About this exercise ▸ Would you retype, word for word, only the lines from the one holding "Hi everyone. This" through the final line of the entries below, without the pictures?

Input data ▸

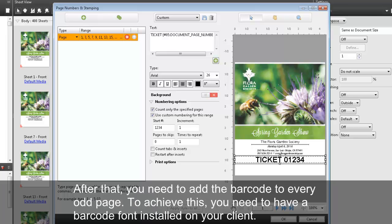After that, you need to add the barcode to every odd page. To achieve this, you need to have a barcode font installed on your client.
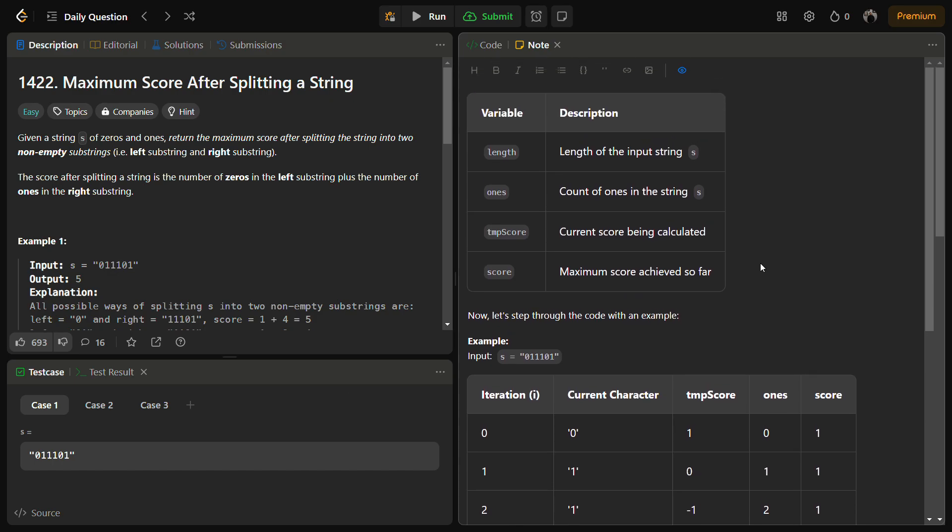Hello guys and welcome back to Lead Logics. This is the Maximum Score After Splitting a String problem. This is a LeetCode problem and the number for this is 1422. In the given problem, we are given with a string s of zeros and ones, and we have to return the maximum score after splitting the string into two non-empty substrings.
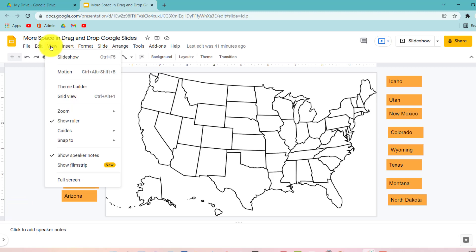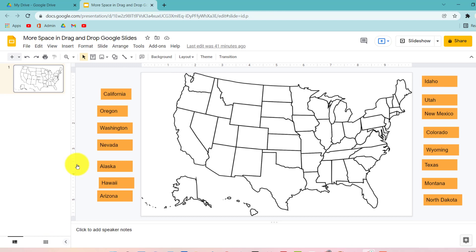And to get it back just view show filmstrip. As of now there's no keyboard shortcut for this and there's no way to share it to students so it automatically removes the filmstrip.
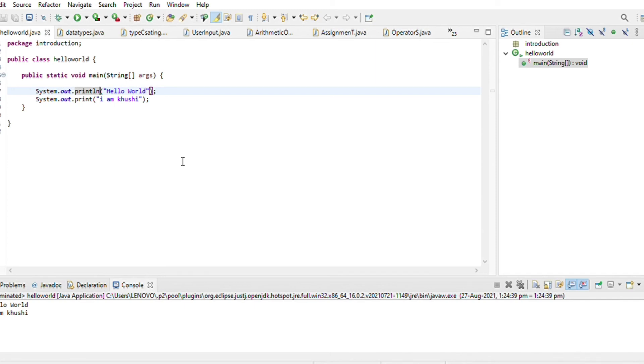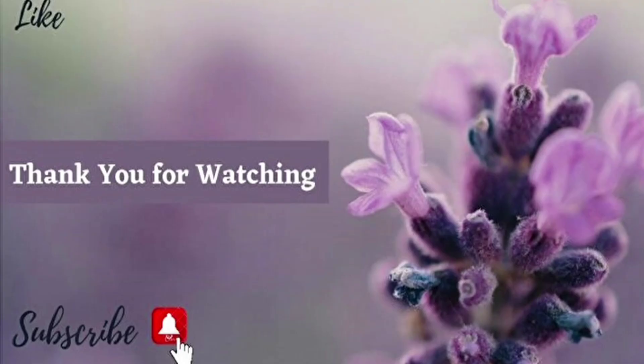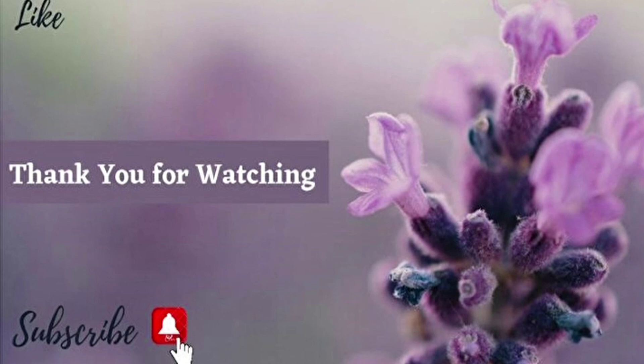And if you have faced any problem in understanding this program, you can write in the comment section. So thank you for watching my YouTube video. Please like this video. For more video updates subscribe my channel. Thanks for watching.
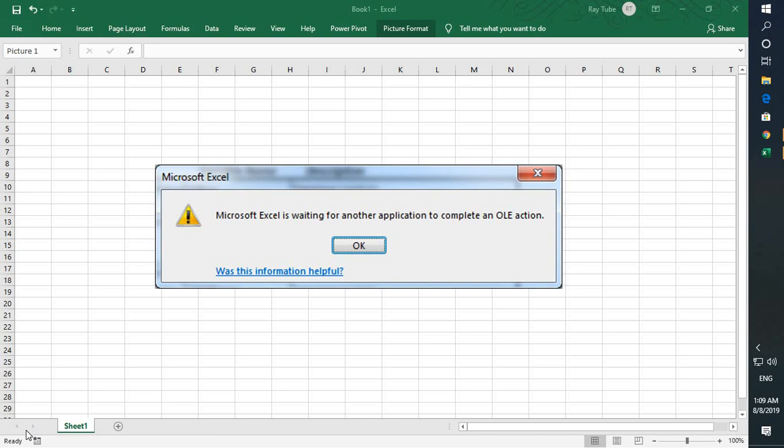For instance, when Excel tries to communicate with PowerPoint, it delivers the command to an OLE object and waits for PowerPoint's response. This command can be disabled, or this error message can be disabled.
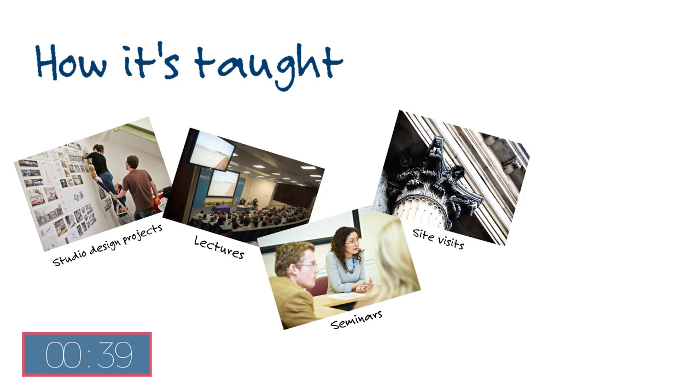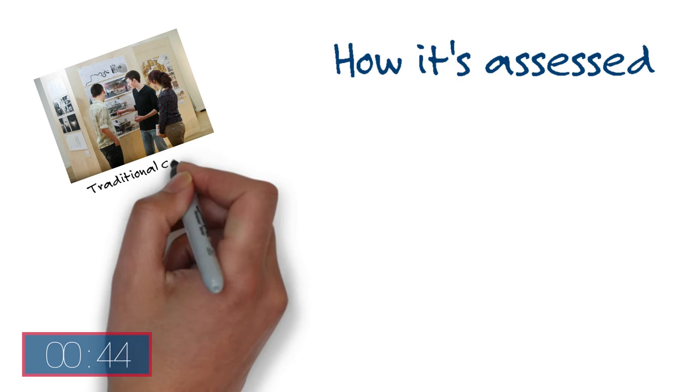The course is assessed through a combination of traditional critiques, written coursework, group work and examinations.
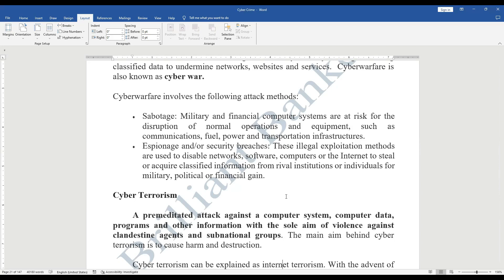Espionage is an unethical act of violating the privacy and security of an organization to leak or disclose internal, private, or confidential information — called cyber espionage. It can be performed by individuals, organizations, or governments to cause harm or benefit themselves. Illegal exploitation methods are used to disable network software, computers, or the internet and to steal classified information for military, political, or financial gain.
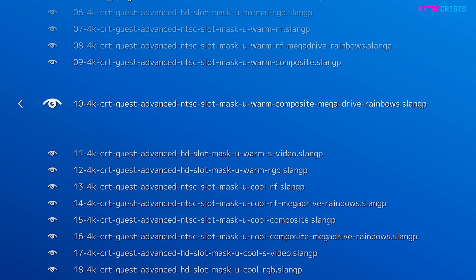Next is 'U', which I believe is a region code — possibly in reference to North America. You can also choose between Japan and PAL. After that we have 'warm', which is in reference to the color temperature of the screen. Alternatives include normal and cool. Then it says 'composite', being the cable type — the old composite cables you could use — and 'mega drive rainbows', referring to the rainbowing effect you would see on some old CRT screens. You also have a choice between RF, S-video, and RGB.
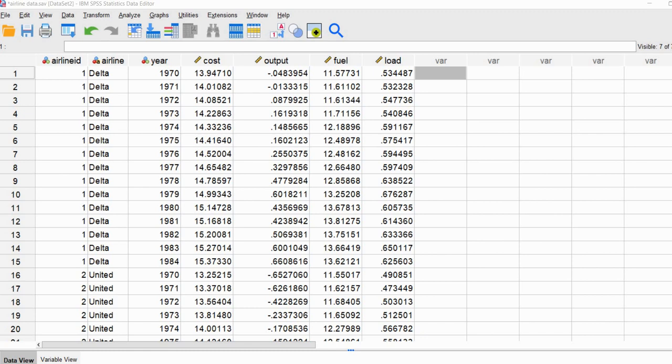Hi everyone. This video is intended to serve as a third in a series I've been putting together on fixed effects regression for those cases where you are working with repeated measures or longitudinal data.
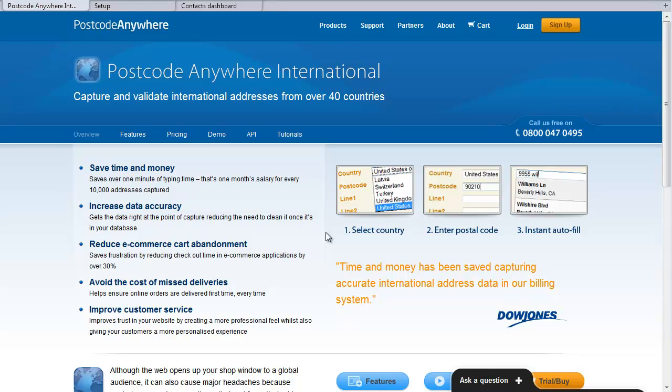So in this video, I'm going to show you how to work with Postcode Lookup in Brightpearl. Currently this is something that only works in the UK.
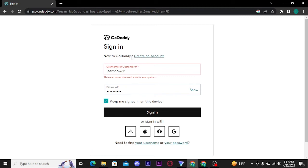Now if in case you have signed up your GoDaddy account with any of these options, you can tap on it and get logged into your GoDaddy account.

Output for this exercise ▸
Hi everyone. This video is intended to serve as a third in a series I've been putting together on fixed effects regression for those cases where you are working with repeated measures or longitudinal data.
So in this video, I'm going to show you how to work with Postcode Lookup in Brightpearl. Currently this is something that only works in the UK.
Now if in case you have signed up your GoDaddy account with any of these options, you can tap on it and get logged into your GoDaddy account.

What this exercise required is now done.